The Hatching (The Hatching #1)

Ben opened his mouth to speak but then stopped. It was actually kind of comical, Manny thought. Ben was not the kind of man to hold himself back or to second-guess, and the sight of him with his mouth hanging open would have been, at another time and under different circumstances, worth laughing at. But it wasn’t another time and different circumstances. It was the day after China accidentally dropped a nuclear weapon on one of its own villages. Except the problem was they still weren’t entirely sure if China had accidentally dropped the weapon or if they had “accidentally” dropped the weapon.

“That’s what I’m trying to say.” Alex put her cup down and pulled her tablet out and put it on the table. “I’m sorry for being late, and I’m sure Billy and Ben did an excellent job of explaining the rationale behind deployment decisions, but all those decisions are based on the idea that this nuclear explosion was either just an accident, as the Chinese claim, or part of some sort of wider, deliberate strategy. But the thing is, from the information I have, I’m willing to say it wasn’t an accident, and that it wasn’t planned either,” Alex said. She tapped the tablet twice and brought up a picture. “The important thing is that the information we have leads me to believe that while this wasn’t a strategic decision, there was a reason the Chinese set off the explosion. They were trying to cover something up. The images we have aren’t great, but look here. There just isn’t much going on in that part of China on a regular basis, and even though we have satellite coverage, it’s limited. Frankly, this part of China isn’t considered important, and it hasn’t been a real priority with imaging. Tech has enhanced, but there’s a limit to the resolution and to how much we can blow things up.” She spun the tablet so that it was facing the president. The men—and everybody else in the room other than Steph and Alex was a man—leaned forward so they could see the picture. “Blow things up is maybe the wrong phrase given what happened, but this is from five hours before the nuke.”

Manny had seen enough of these sorts of military satellite pictures that even if he didn’t know exactly what he was looking at, he could recognize the pattern of cars and trucks in a parking lot, the layout of buildings. He turned to the aide behind him. “Get this up on the big monitor.”

The young man nodded, took the tablet, tapped it a few times, and then the image was on the wall.

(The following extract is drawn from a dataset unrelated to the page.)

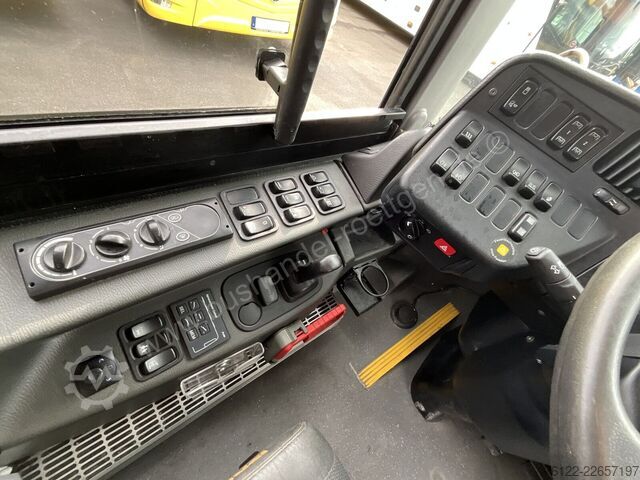 Bas artikulasi Scania Citywide LF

“Here,” Alex said, standing up and tapping against the monitor. “This is the entrance to the main mine. Primarily rare earth metals, the kind of stuff you’ll find in your cell phones and your tablets. They do most of the refining on-site, here, in this large complex of buildings.” She tapped another spot. “As far as we can tell, all of this over here is just garages, maintenance, that sort of thing. I mean, it looks so damn regular it’s almost comical. There are a couple of factories in the village, some chemical processing stuff, but basically, if this mine weren’t here, the village wouldn’t be here. The mine is the center of things.”

Ben Broussard was standing now, leaning over Manny’s shoulder and staring at the image on Alex’s tablet instead of looking at the monitor on the wall. “Military? You’re saying this is a hidden military facility?”

“Not exactly,” Alex said. “That’s the thing. If it were a standard military, chem, or bio research facility, we would have better pictures. I mean, obviously, it’s possible we just whiffed. We all know how much we’ve struggled with getting agents on the ground in China, particularly in the rural areas, but I don’t think that’s what we have here. I think it’s something small. Maybe biological weapons. Maybe chemical. But almost certainly only a couple of scientists, a few rooms, the sort of thing that could stay hidden because nobody, including the Chinese, think it’s important. I mean, this is the ass end of China. The analyst for this region is young, uh,” she looked over her shoulder at her aide who said something under his breath, “Terry Zouskis, but she’s sharp. She knows what she is talking about, and, well, here’s the thing. Something was going on, something that scared the shit out of the Chinese.”

“Bioweapons?” Billy looked rattled when he said it, and Manny couldn’t blame him. Conventions and treaties be damned, they all knew the Chinese were researching biological agents, and sooner or later there was going to be a breach. The only question was how big a problem it was going to cause for the Chinese. And the world. Was it a “drop a nuke on it” kind of problem?